*Aim of the exercise*
Go from the first line below to the one with "Kompatibelt Mobildeksel til" and print each line exactly.

========================================================================

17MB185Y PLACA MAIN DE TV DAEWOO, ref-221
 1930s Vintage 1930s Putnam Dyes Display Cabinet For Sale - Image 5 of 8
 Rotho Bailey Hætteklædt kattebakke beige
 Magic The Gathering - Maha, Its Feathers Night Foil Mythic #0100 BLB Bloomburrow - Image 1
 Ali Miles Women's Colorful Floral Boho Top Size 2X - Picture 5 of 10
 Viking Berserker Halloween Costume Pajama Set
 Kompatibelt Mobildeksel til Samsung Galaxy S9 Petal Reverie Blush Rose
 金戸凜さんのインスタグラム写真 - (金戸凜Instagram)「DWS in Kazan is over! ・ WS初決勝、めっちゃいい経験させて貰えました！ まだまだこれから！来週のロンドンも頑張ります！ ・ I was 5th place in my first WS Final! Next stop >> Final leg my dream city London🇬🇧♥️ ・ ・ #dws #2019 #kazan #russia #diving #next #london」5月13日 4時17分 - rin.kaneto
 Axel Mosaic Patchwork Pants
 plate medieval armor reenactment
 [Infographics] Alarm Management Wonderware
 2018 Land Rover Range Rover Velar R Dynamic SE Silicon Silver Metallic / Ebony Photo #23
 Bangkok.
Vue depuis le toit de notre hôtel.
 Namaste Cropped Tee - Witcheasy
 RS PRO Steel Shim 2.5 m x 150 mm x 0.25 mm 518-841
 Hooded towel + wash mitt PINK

========================================================================

*Task response*
17MB185Y PLACA MAIN DE TV DAEWOO, ref-221
 1930s Vintage 1930s Putnam Dyes Display Cabinet For Sale - Image 5 of 8
 Rotho Bailey Hætteklædt kattebakke beige
 Magic The Gathering - Maha, Its Feathers Night Foil Mythic #0100 BLB Bloomburrow - Image 1
 Ali Miles Women's Colorful Floral Boho Top Size 2X - Picture 5 of 10
 Viking Berserker Halloween Costume Pajama Set
 Kompatibelt Mobildeksel til Samsung Galaxy S9 Petal Reverie Blush Rose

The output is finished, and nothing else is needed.